Classification: 7.3.

Nature of problem:
The computer code (as that of papers I (AADF) and II (AAXZ)) allows to calculate the Green function (GF) for the one-electron hamiltonian of a semi-infinite solid with two-dimensional translational symmetry parallel to the surface, within any given range of energy E. Thus, this surface Green function (SGF) satisifies the Bloch-type periodic boundary conditions parallel to the surface, for a given value of the Bloch vector k||, and the boundary condition for outgoing waves normal to the surface. The following quantities describing the electronic structure may be computed from the SGF directly: (i) the electronic charge density within an arbitrary plane or box, both for given E and k|| and totally, i.e. integrated over E and k||, and (ii) the local density of states (LDOS), either for a given k|| and projected onto a given angular momentum, L = (l,m), (partial LDOS) or totally, i.e., integrated over k|| and summed up over L. In generalization to paper II, it is now possible to treat more complex systems with any number of different atoms composing the unit cell, e.g., reconstructed or rumpled clean surfaces as well as adsorbate systems.

Solution method:
The layer Korringa-Kohn-Rostoker (KKR) approach is used. The semi- infinite crystal is composed from layers parallel to the surface, and the atomic positions within the layer unit cell at the surface may differ from their ideal (bulk) values ("rumpled" layers). The potentials are treated within the muffin-tin approximation, and non- local pseudopotentials may be used. The system may be divided into four regions of commensurable, two-dimensional lattice vectors, but with possibly different muffin-tin zeros and geometries: (i) vacuum region, (ii) overlayer, (iii) surface or subsurface region, (iv) substrate (bulk) region. The unit cell of any layer may be composed of any required number of different atoms. The intra-layer scattering is treated by the method of Kambe [1], and the inter-layer scattering is treated using the layer-doubling scheme proposed by Pendry [2]. The Green function is evaluated using the method of Kambe and Scheffler [3] in a spherical-wave expansion up to any maximum quantum number of angular momentum, with basis functions centered at the atomic sites of the layers. Beginning with the top (overlayer or surface) region, the computational procedure is repeated layer-by-layer for the specified number of layers. The bulk Green function may also be evaluated.

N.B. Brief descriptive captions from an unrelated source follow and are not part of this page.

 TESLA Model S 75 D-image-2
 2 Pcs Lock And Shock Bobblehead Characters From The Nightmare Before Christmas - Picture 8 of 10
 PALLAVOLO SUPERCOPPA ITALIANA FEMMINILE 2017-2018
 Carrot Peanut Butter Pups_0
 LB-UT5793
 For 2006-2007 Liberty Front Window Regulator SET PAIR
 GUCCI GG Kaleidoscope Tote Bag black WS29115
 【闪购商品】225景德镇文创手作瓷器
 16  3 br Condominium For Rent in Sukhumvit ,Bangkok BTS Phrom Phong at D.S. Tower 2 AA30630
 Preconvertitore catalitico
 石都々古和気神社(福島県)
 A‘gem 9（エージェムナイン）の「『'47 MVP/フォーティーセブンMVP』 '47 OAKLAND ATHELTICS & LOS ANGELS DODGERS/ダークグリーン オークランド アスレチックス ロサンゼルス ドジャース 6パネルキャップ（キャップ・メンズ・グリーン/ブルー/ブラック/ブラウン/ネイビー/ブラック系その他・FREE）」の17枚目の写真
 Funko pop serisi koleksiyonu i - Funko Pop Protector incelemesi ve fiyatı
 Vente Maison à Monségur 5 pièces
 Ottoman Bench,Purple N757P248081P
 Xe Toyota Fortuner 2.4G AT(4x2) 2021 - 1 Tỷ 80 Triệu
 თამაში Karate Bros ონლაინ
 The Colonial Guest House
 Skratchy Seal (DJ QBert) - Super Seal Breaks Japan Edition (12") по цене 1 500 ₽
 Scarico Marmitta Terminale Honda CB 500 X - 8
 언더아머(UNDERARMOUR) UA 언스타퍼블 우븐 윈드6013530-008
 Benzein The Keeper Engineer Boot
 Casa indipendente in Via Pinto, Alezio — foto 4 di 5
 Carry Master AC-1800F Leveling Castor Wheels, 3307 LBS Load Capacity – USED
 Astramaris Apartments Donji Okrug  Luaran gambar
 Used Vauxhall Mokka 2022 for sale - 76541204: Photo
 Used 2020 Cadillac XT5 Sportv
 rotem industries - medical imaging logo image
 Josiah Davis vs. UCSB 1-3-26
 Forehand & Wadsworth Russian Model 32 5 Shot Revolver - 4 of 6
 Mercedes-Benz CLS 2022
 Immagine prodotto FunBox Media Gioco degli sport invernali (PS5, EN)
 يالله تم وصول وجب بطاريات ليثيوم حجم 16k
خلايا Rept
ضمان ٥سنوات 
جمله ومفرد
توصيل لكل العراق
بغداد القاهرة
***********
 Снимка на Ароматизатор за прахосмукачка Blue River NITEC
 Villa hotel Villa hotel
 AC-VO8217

All substrate (bulk) layers are assumed to be identical, but, they may differ from the top layers (over-layer, surface, subsurface layers). The muffin-tin zero of the subsurface region has to equal that of the bulk region. If the Green function of the vacuum region is projected onto spherical waves, the number of centers for the expansion must not exceed the number of atomic sites per unit cell within the overlayer or top substrate layer, respectively. The two-dimensional lattice vectors of the different layers have to be commensurable to those of the corresponding (1 x 1) structure of the substrate.

Running time:
The running time for the test run, i.e., one energy and k|| point for a substitutional (sqrt(3) x sqrt(3))R30degrees overlayer on the (111) surface of a fcc crystal, using 25 plane waves and 3 phase shifts per atom, and computing the Green function and LDOS for the overlayer, the first two subsurface layers, and the bulk, is * 20 s on IBM RISC System/6000, model 350, * 4 s on CRAY Y-MP/4, * 40 s on CONVEX 220, * 60 s on Amdahl 370, * 623 s on SPECS TRITON. Remarks concerning installationof program Programming is done in a rigorous modulare structure. All of the source files contain only one program unit (PROGRAM, SUBROUTINE, FUNCTION, BLOCK DATA) and are distributed over different subdirectories, corresponding to the different generated object module libraries and installations. A pre-processor has to be available for interpreting the C-like pre-processor statements within the source files during compilation. All the source files, including also shell scripts for compilation etc., may be extracted from the MS-DOS installation diskettes. For details, see the file INSTALL.

[1] K. Kambe, Z. Naturforschg. 22 a (1967) 322, 422; 23 a (1968) 1280.
[2] J.B. Pendry, Low Energy Electron Diffraction (Academic Press, London, 1974).
[3] K. Kambe and M. Scheffler, Surf.Sci. 89(1979)262.